"""

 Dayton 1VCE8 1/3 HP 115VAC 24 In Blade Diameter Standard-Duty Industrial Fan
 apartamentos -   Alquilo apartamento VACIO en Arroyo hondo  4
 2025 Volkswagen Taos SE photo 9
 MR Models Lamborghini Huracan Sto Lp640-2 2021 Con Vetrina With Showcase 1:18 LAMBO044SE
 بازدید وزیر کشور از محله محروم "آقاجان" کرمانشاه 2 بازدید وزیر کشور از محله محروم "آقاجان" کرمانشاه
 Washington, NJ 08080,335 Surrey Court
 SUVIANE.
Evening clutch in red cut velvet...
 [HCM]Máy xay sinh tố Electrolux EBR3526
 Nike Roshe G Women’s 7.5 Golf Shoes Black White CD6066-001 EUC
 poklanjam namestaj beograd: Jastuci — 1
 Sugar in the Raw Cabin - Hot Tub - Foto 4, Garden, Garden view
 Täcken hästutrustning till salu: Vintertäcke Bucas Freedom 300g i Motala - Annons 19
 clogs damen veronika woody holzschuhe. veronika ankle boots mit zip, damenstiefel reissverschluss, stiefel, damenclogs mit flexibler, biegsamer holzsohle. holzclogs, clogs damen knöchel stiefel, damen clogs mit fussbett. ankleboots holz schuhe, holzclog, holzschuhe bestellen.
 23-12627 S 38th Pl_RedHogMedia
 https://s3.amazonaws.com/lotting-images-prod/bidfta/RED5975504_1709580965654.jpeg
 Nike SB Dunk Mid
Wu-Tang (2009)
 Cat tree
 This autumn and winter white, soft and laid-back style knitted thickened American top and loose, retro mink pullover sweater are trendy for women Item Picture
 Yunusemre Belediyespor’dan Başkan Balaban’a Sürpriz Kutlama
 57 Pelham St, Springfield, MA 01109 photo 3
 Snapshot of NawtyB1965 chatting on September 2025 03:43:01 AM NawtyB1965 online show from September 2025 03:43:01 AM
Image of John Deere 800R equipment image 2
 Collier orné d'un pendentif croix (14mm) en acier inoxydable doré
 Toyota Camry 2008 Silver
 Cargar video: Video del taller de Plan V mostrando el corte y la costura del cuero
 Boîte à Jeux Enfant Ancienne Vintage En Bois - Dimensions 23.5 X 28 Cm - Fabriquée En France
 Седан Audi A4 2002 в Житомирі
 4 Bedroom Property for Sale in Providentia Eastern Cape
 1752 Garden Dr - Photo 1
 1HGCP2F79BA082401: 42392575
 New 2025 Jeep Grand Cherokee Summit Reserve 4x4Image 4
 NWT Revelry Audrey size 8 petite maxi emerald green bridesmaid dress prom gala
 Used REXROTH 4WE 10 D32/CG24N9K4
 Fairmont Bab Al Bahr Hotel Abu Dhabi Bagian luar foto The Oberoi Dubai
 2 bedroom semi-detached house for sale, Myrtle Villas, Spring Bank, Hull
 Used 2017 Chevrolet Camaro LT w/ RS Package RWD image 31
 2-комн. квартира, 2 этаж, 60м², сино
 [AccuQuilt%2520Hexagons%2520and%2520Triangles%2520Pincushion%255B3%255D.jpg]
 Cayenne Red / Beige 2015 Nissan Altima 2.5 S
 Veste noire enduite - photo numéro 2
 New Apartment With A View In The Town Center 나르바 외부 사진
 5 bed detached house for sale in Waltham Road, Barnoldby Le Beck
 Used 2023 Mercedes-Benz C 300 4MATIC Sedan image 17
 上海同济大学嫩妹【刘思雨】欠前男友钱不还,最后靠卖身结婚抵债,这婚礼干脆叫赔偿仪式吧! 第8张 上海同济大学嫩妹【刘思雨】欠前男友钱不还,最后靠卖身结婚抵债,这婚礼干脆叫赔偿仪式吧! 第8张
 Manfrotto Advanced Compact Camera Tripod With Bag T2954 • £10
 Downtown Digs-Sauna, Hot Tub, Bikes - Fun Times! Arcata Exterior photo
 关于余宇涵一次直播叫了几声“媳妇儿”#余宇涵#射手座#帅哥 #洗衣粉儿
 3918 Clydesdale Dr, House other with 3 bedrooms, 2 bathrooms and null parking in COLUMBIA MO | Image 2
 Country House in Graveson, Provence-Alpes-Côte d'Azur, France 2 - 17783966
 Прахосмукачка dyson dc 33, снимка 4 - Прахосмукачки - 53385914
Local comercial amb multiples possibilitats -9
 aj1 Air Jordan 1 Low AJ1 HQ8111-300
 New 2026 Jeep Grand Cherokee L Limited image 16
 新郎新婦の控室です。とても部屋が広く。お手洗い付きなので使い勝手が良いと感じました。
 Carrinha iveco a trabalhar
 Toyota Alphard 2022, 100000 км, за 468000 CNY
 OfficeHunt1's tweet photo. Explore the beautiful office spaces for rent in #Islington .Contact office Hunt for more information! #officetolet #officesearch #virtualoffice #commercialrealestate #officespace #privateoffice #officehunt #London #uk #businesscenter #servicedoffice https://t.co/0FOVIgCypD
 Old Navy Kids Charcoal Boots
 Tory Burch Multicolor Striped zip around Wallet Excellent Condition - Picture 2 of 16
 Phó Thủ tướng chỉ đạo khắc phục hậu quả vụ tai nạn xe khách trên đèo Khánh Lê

"""

So that nothing is lost, return the listing exactly and completely.

 Dayton 1VCE8 1/3 HP 115VAC 24 In Blade Diameter Standard-Duty Industrial Fan
 apartamentos -   Alquilo apartamento VACIO en Arroyo hondo  4
 2025 Volkswagen Taos SE photo 9
 MR Models Lamborghini Huracan Sto Lp640-2 2021 Con Vetrina With Showcase 1:18 LAMBO044SE
 بازدید وزیر کشور از محله محروم "آقاجان" کرمانشاه 2 بازدید وزیر کشور از محله محروم "آقاجان" کرمانشاه
 Washington, NJ 08080,335 Surrey Court
 SUVIANE.
Evening clutch in red cut velvet...
 [HCM]Máy xay sinh tố Electrolux EBR3526
 Nike Roshe G Women’s 7.5 Golf Shoes Black White CD6066-001 EUC
 poklanjam namestaj beograd: Jastuci — 1
 Sugar in the Raw Cabin - Hot Tub - Foto 4, Garden, Garden view
 Täcken hästutrustning till salu: Vintertäcke Bucas Freedom 300g i Motala - Annons 19
 clogs damen veronika woody holzschuhe. veronika ankle boots mit zip, damenstiefel reissverschluss, stiefel, damenclogs mit flexibler, biegsamer holzsohle. holzclogs, clogs damen knöchel stiefel, damen clogs mit fussbett. ankleboots holz schuhe, holzclog, holzschuhe bestellen.
 23-12627 S 38th Pl_RedHogMedia
 https://s3.amazonaws.com/lotting-images-prod/bidfta/RED5975504_1709580965654.jpeg
 Nike SB Dunk Mid
Wu-Tang (2009)
 Cat tree
 This autumn and winter white, soft and laid-back style knitted thickened American top and loose, retro mink pullover sweater are trendy for women Item Picture
 Yunusemre Belediyespor’dan Başkan Balaban’a Sürpriz Kutlama
 57 Pelham St, Springfield, MA 01109 photo 3
 Snapshot of NawtyB1965 chatting on September 2025 03:43:01 AM NawtyB1965 online show from September 2025 03:43:01 AM
Image of John Deere 800R equipment image 2
 Collier orné d'un pendentif croix (14mm) en acier inoxydable doré
 Toyota Camry 2008 Silver
 Cargar video: Video del taller de Plan V mostrando el corte y la costura del cuero
 Boîte à Jeux Enfant Ancienne Vintage En Bois - Dimensions 23.5 X 28 Cm - Fabriquée En France
 Седан Audi A4 2002 в Житомирі
 4 Bedroom Property for Sale in Providentia Eastern Cape
 1752 Garden Dr - Photo 1
 1HGCP2F79BA082401: 42392575
 New 2025 Jeep Grand Cherokee Summit Reserve 4x4Image 4
 NWT Revelry Audrey size 8 petite maxi emerald green bridesmaid dress prom gala
 Used REXROTH 4WE 10 D32/CG24N9K4
 Fairmont Bab Al Bahr Hotel Abu Dhabi Bagian luar foto The Oberoi Dubai
 2 bedroom semi-detached house for sale, Myrtle Villas, Spring Bank, Hull
 Used 2017 Chevrolet Camaro LT w/ RS Package RWD image 31
 2-комн. квартира, 2 этаж, 60м², сино
 [AccuQuilt%2520Hexagons%2520and%2520Triangles%2520Pincushion%255B3%255D.jpg]
 Cayenne Red / Beige 2015 Nissan Altima 2.5 S
 Veste noire enduite - photo numéro 2
 New Apartment With A View In The Town Center 나르바 외부 사진
 5 bed detached house for sale in Waltham Road, Barnoldby Le Beck
 Used 2023 Mercedes-Benz C 300 4MATIC Sedan image 17
 上海同济大学嫩妹【刘思雨】欠前男友钱不还,最后靠卖身结婚抵债,这婚礼干脆叫赔偿仪式吧! 第8张 上海同济大学嫩妹【刘思雨】欠前男友钱不还,最后靠卖身结婚抵债,这婚礼干脆叫赔偿仪式吧! 第8张
 Manfrotto Advanced Compact Camera Tripod With Bag T2954 • £10
 Downtown Digs-Sauna, Hot Tub, Bikes - Fun Times! Arcata Exterior photo
 关于余宇涵一次直播叫了几声“媳妇儿”#余宇涵#射手座#帅哥 #洗衣粉儿
 3918 Clydesdale Dr, House other with 3 bedrooms, 2 bathrooms and null parking in COLUMBIA MO | Image 2
 Country House in Graveson, Provence-Alpes-Côte d'Azur, France 2 - 17783966
 Прахосмукачка dyson dc 33, снимка 4 - Прахосмукачки - 53385914
Local comercial amb multiples possibilitats -9
 aj1 Air Jordan 1 Low AJ1 HQ8111-300
 New 2026 Jeep Grand Cherokee L Limited image 16
 新郎新婦の控室です。とても部屋が広く。お手洗い付きなので使い勝手が良いと感じました。
 Carrinha iveco a trabalhar
 Toyota Alphard 2022, 100000 км, за 468000 CNY
 OfficeHunt1's tweet photo. Explore the beautiful office spaces for rent in #Islington .Contact office Hunt for more information! #officetolet #officesearch #virtualoffice #commercialrealestate #officespace #privateoffice #officehunt #London #uk #businesscenter #servicedoffice https://t.co/0FOVIgCypD
 Old Navy Kids Charcoal Boots
 Tory Burch Multicolor Striped zip around Wallet Excellent Condition - Picture 2 of 16
 Phó Thủ tướng chỉ đạo khắc phục hậu quả vụ tai nạn xe khách trên đèo Khánh Lê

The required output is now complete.